Personal information
- Born: March 16, 2001 (age 25) Detroit, Michigan, U.S.
- Listed height: 6 ft 2 in (1.88 m)
- Listed weight: 175 lb (79 kg)

Career information
- High school: Detroit Edison (Detroit, Michigan)
- College: Mississippi State (2019–2022); Tennessee (2022–2024);
- WNBA draft: 2024: 1st round, 4th overall pick
- Drafted by: Los Angeles Sparks
- Playing career: 2024–present

Career history
- 2024–2025: Los Angeles Sparks
- 2025: Mist BC
- 2026–present: Breeze BC
- 2026–present: Chicago Sky

Career highlights
- WNBA All-Rookie Team (2024); 2× First-team All-SEC (2023, 2024); Second-team All-SEC (2020); SEC All-Freshman Team (2020); Gillom Trophy (2020); McDonald's All-American (2019); Michigan Miss Basketball (2019);
- Stats at Basketball Reference

= Rickea Jackson =

American basketball player (born 2001)

Rickea Velece Jackson (/rɪˈkiːə/ rih-KEE-ə, born March 16, 2001) is an American professional basketball player for the Chicago Sky of the Women's National Basketball Association (WNBA) and for the Breeze of Unrivaled.
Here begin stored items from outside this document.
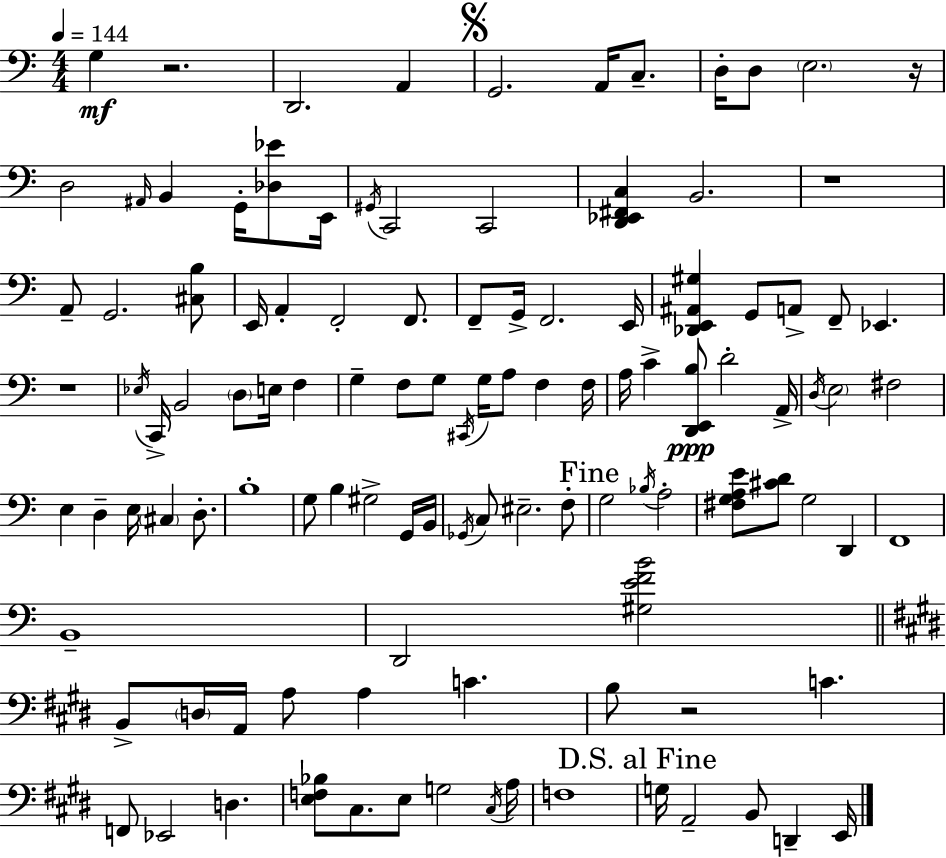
G3/q R/h. D2/h. A2/q G2/h. A2/s C3/e. D3/s D3/e E3/h. R/s D3/h A#2/s B2/q G2/s [Db3,Eb4]/e E2/s G#2/s C2/h C2/h [D2,Eb2,F#2,C3]/q B2/h. R/w A2/e G2/h. [C#3,B3]/e E2/s A2/q F2/h F2/e. F2/e G2/s F2/h. E2/s [Db2,E2,A#2,G#3]/q G2/e A2/e F2/e Eb2/q. R/w Eb3/s C2/s B2/h D3/e E3/s F3/q G3/q F3/e G3/e C#2/s G3/s A3/e F3/q F3/s A3/s C4/q [D2,E2,B3]/e D4/h A2/s D3/s E3/h F#3/h E3/q D3/q E3/s C#3/q D3/e. B3/w G3/e B3/q G#3/h G2/s B2/s Gb2/s C3/e EIS3/h. F3/e G3/h Bb3/s A3/h [F#3,G3,A3,E4]/e [C#4,D4]/e G3/h D2/q F2/w B2/w D2/h [G#3,E4,F4,B4]/h B2/e D3/s A2/s A3/e A3/q C4/q. B3/e R/h C4/q. F2/e Eb2/h D3/q. [E3,F3,Bb3]/e C#3/e. E3/e G3/h C#3/s A3/s F3/w G3/s A2/h B2/e D2/q E2/s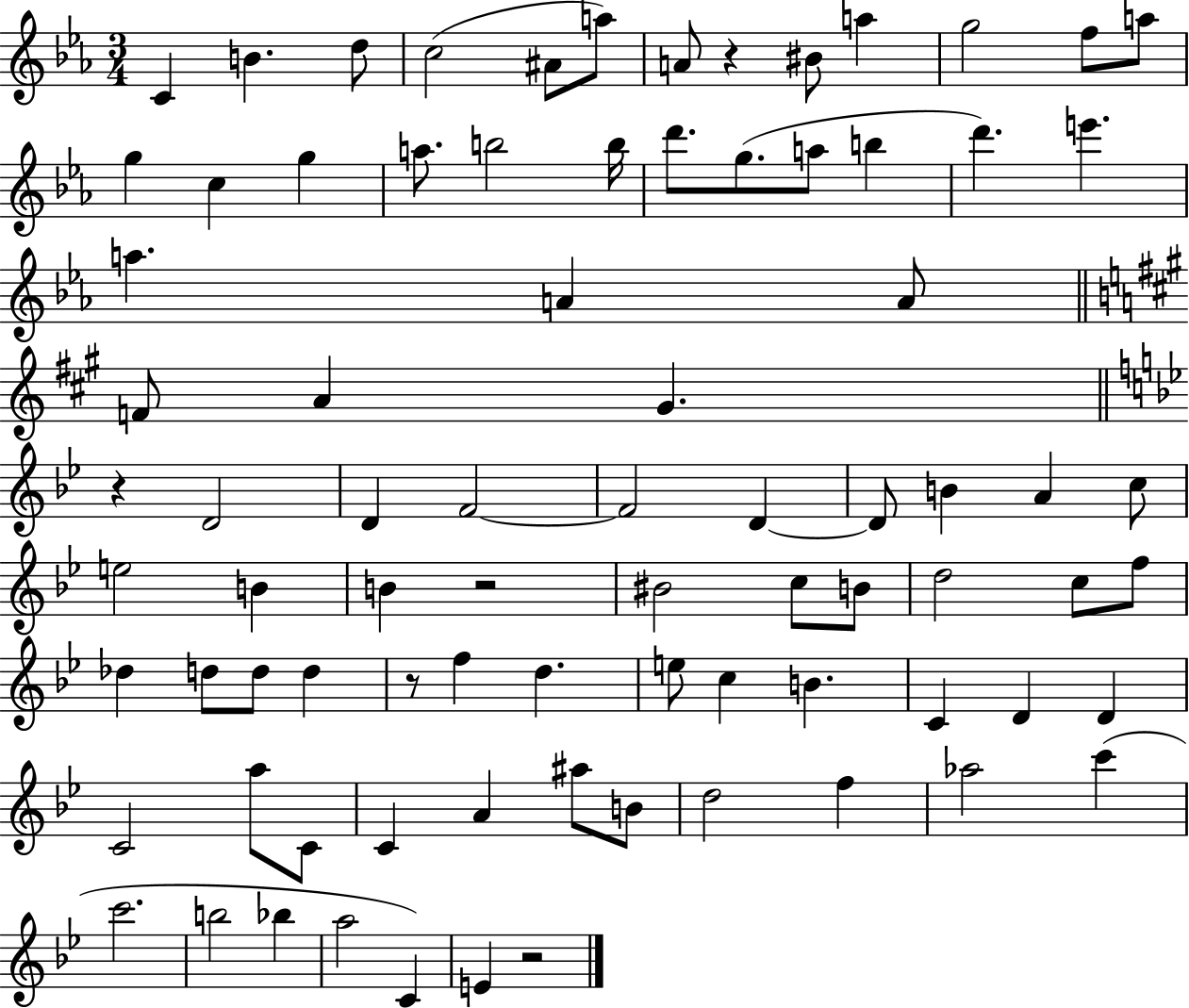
C4/q B4/q. D5/e C5/h A#4/e A5/e A4/e R/q BIS4/e A5/q G5/h F5/e A5/e G5/q C5/q G5/q A5/e. B5/h B5/s D6/e. G5/e. A5/e B5/q D6/q. E6/q. A5/q. A4/q A4/e F4/e A4/q G#4/q. R/q D4/h D4/q F4/h F4/h D4/q D4/e B4/q A4/q C5/e E5/h B4/q B4/q R/h BIS4/h C5/e B4/e D5/h C5/e F5/e Db5/q D5/e D5/e D5/q R/e F5/q D5/q. E5/e C5/q B4/q. C4/q D4/q D4/q C4/h A5/e C4/e C4/q A4/q A#5/e B4/e D5/h F5/q Ab5/h C6/q C6/h. B5/h Bb5/q A5/h C4/q E4/q R/h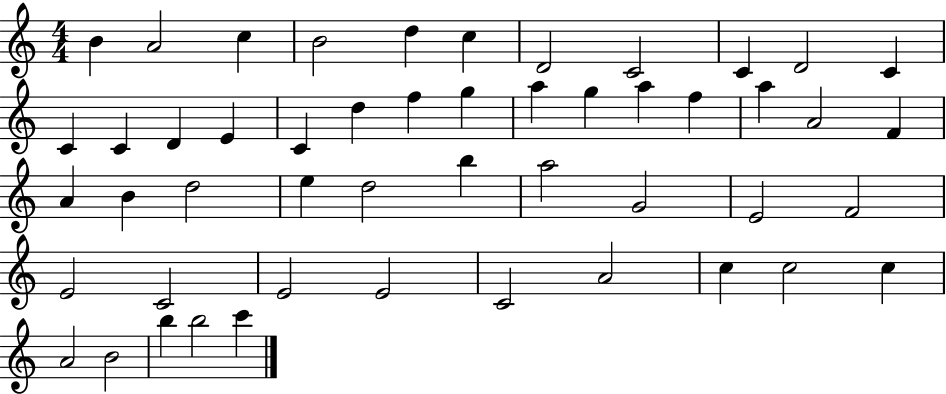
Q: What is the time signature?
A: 4/4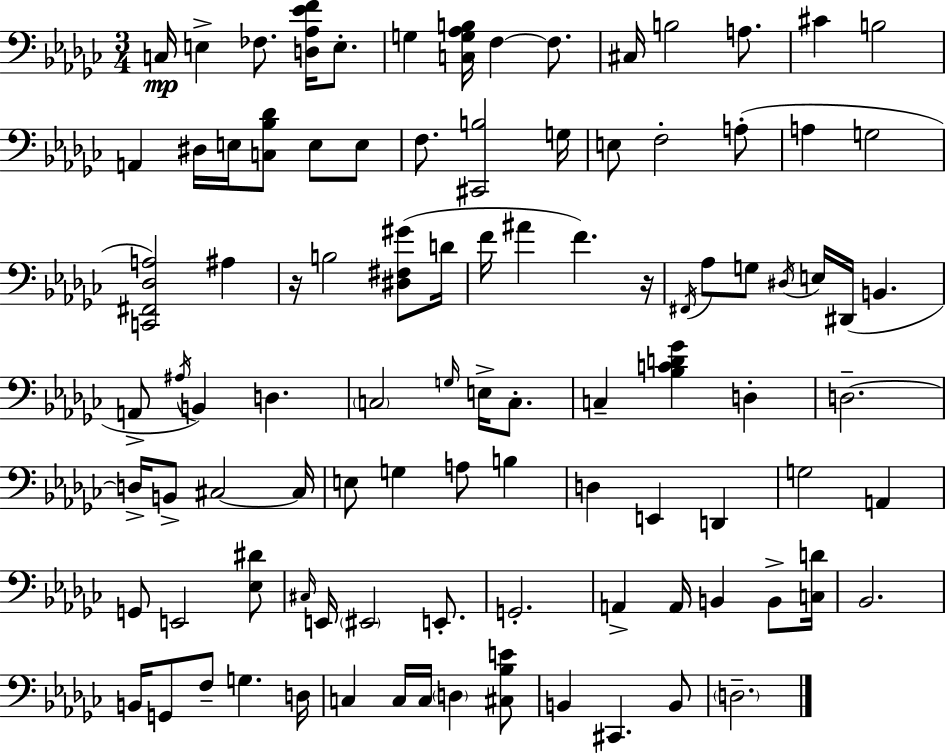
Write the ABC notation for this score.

X:1
T:Untitled
M:3/4
L:1/4
K:Ebm
C,/4 E, _F,/2 [D,_A,_EF]/4 E,/2 G, [C,G,_A,B,]/4 F, F,/2 ^C,/4 B,2 A,/2 ^C B,2 A,, ^D,/4 E,/4 [C,_B,_D]/2 E,/2 E,/2 F,/2 [^C,,B,]2 G,/4 E,/2 F,2 A,/2 A, G,2 [C,,^F,,_D,A,]2 ^A, z/4 B,2 [^D,^F,^G]/2 D/4 F/4 ^A F z/4 ^F,,/4 _A,/2 G,/2 ^D,/4 E,/4 ^D,,/4 B,, A,,/2 ^A,/4 B,, D, C,2 G,/4 E,/4 C,/2 C, [_B,CD_G] D, D,2 D,/4 B,,/2 ^C,2 ^C,/4 E,/2 G, A,/2 B, D, E,, D,, G,2 A,, G,,/2 E,,2 [_E,^D]/2 ^C,/4 E,,/4 ^E,,2 E,,/2 G,,2 A,, A,,/4 B,, B,,/2 [C,D]/4 _B,,2 B,,/4 G,,/2 F,/2 G, D,/4 C, C,/4 C,/4 D, [^C,_B,E]/2 B,, ^C,, B,,/2 D,2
She played college basketball at Tennessee and Mississippi State.

==Early life==
Jackson played basketball for Detroit Edison Public School Academy in Detroit, Michigan. She led her team to three consecutive Class C state titles. As a senior, Jackson averaged 22 points and 6.5 rebounds per game, earning Michigan Miss Basketball honors and being selected to the McDonald's All-American Game and Jordan Brand Classic. She was named Michigan Gatorade Player of the Year for a second time. Jackson left as the program's all-time leading scorer, with 1,771 points. Mick McCabe of the Detroit Free Press considered her the greatest girls high school player in state history. Rated a five-star recruit and the fifth-best player in her class by ESPN, she committed to play college basketball for Mississippi State over offers from South Carolina, Tennessee, Texas, Rutgers, Ohio State and Louisville.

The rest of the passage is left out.